You probably opened this, thinking it was me being done with life, but it’s the exact opposite. I’m done with feeling this way. It’s a choice, I believe. I’m not going to let lies from other people define who I am. I AM BEAUTIFUL. and I WAS CREATED FOR A REASON. Sure, I am broken. Who isn’t? But, we’re all beautifully broken. And I’m embracing that. I’m going to live so I can change the world for someone else. I’m going to live so I can help someone who felt the way I did just hours ago. I’m going to love people the way I’ve always wanted to be loved. And maybe they’ll love me back. I won’t know until I try. And I can’t try if I’m dead. And neither can you.
5 comments
i know exactly how u feel…thu i don’t feel i am beautiful…i do now know how it feels to be loved for the first time in my life, and i truly believe that you will one day feel it too…i had given up and then at my lowest love found me and trust me…once u experience it u will never let it go…i wish u all the best:).

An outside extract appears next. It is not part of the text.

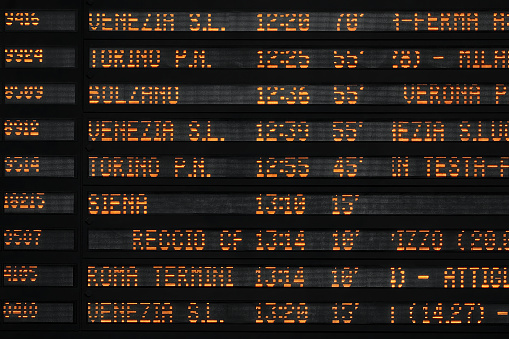 Florence, Italy - September 08, 2022: Departure board in the train station in Florence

Ain’t nothing broken can’t be fixed. Power to you trickster!
I applaude your Outlook and say thank you. It is very inspiring.
The only positive words i’ve read for along time. Thank you.
Just wanted you guys, if you read this, to know that I’m still going strong. It’s been hard, no doubt, but I’m not gonna quit trying. I’m going to find myself again.
You guys can too. It’s worth a fight. It may be hard, and have its ups and downs, but all of those ups are worth the downs. This is the first time I’ve felt anything positive in months.